Segundo um estudo deste ano da consultoria de marketing Monks, em parceria com o instituto de pesquisa comportamental Floatvibes, 38% dos brasileiros se dizem fãs de alguém. Eles gastam, em média, R$ 199,41 por mês com produtos ou experiências relacionadas aos seus ídolos (ingressos, álbuns, itens de merchandising, entre outros).
Entre os fãs questionados, 37% afirmam acreditar que a dedicação ao ídolo pode ser medida pela quantidade de dinheiro gasto para alimentar a relação com ele.

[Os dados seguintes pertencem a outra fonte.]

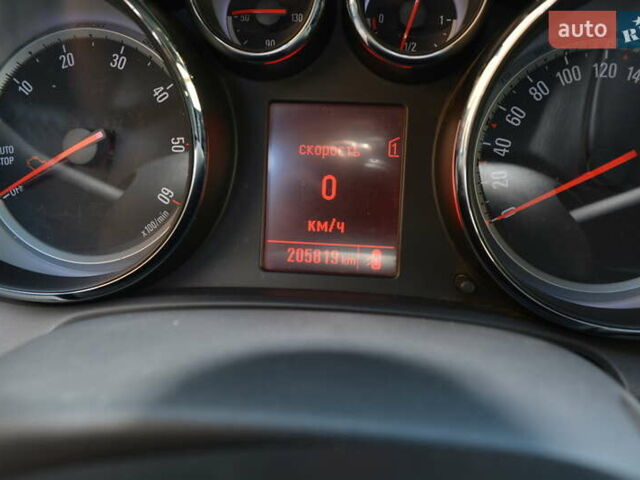 Синий Опель Астра, объемом двигателя 1.3 л и пробегом 215 тыс. км за 7300 $, фото 27 на Automoto.ua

Tudo isso se converte em um retorno valioso para os artistas. “Mercadologicamente, é óbvio que faz muito sentido porque é uma publicidade ‘gratuita’ para eles. O boca a boca do brasileiro faz muito sentido. E comercialmente também, no sentido de vendas, de circulação, de engajamento digital”, acrescenta Aianne.
Bruno Mars
Reprodução/Instagram
Jeitinho brasileiro
No filme “Bohemian Rhapsody”, baseado na história real do Queen, Freddie Mercury mostra à sua namorada, Mary, o show da banda no Rock in Rio de 1985. Ele aponta para a televisão e diz: “Eu não sabia se entendiam uma palavra do que eu dizia. De repente… Todos cantando. Milhares deles”.

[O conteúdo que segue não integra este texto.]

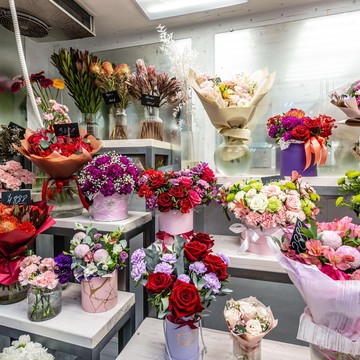 Магазин цветов Vodny Flowers 888 на улице Авангардная фото 1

A cena, inspirada em relatos verdadeiros da banda, relembra um traço essencial do nosso país. Vários motivos mercadológicos atraem artistas ao Brasil, mas um “jeitinho brasileiro” marca os shows feitos aqui. Quando milhares de pessoas de outro país entoam cada verso de cada música, isso serve como uma “consolidação” do tamanho do artista – para ele mesmo e para o mundo.
“Vocês sempre estiveram lá por mim. Aquela bandeira, aquela bandeira verde e amarela, eu a vejo em todos os lugares. Eu a sinto em meu coração”, disse Madonna no show em Copacabana.

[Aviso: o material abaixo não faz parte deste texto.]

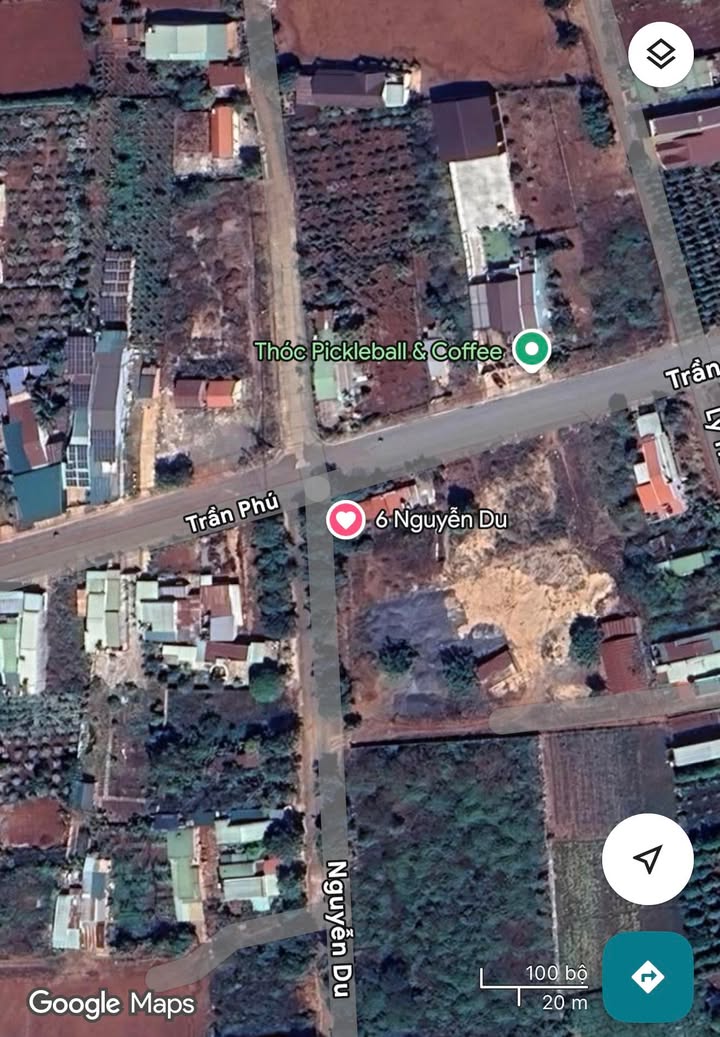 Đất Mặt Tiền Lý Thái Tổ, Đăk Đoa - 170m² Thổ Cư, Giá 1.2 Tỷ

A forma que o público brasileiro trata os shows – com calor e entusiasmo – é, por exemplo, um dos fatores que transformou o show da Madonna em um misto de “evento de Copa do Mundo, carnaval de rua e celebração de Ano Novo combinados”, como descreveu o New York Times. Afinal, trata-se de um público habituado às festas com grandes multidões (não à toa, 4 dos 10 shows com o maior público na história aconteceram no Brasil).
Fã de Madonna, Ernesto Magalhães se veste de ‘Material Girl’ para show em Copacabana
Thaís Espírito Santo/g1 Rio
Aianne diz que não sabe quantificar, “em termos científicos”, por que há tanto calor nas plateias brasileiras. “Eu acho que é uma característica do nosso povo. O calor, a alegria, o abraço brasileiro é diferente de outros lugares. Já tentei procurar em antropólogos, sociólogos, mas quantificar isso é uma dificuldade que eu ainda tenho”.
“O brasileiro sabe que tem um diferencial e gosta de mostrar isso. Temos orgulho em receber o titulo de ‘melhores fãs do mundo’ e fazemos de tudo para mantê-lo. É uma validação importantíssima para nós”, completa.
No fim das contas, vir ao Brasil rende engajamento, mídia espontânea e fortalece a relação fã-artista. Mas, sobretudo, cria momentos inesquecíveis: um festival como o Rock in Rio, por exemplo, lotado de fãs com a letra na ponta da língua, é difícil de replicar. Tem coisa que só tem no Brasil.